A precise copy of the data is required, with every picture left out.

=== Raw data ===

::::

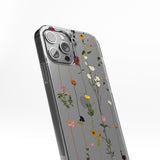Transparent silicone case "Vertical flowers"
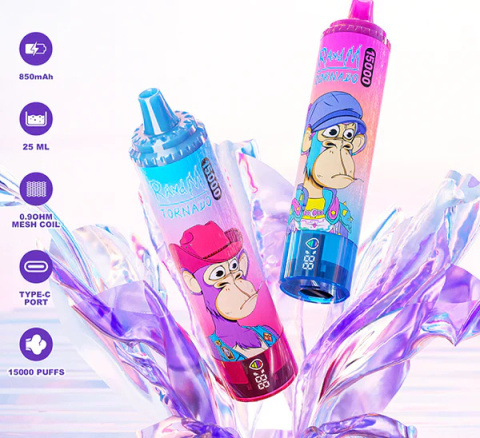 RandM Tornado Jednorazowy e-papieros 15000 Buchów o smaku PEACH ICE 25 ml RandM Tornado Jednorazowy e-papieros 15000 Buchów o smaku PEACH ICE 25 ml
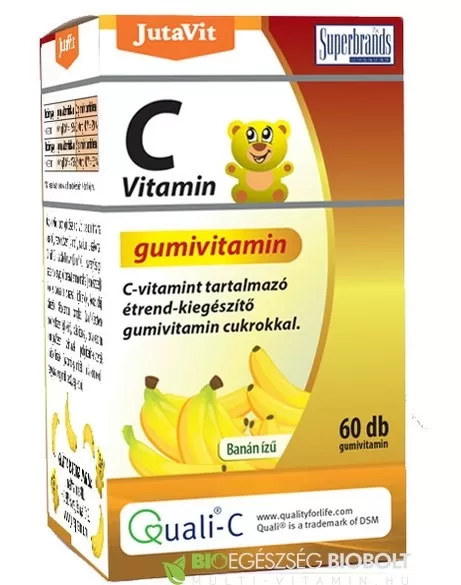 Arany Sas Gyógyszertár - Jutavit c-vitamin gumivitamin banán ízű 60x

::::

=== Answer to this problem ===
Transparent silicone case "Vertical flowers"
 RandM Tornado Jednorazowy e-papieros 15000 Buchów o smaku PEACH ICE 25 ml RandM Tornado Jednorazowy e-papieros 15000 Buchów o smaku PEACH ICE 25 ml
 Arany Sas Gyógyszertár - Jutavit c-vitamin gumivitamin banán ízű 60x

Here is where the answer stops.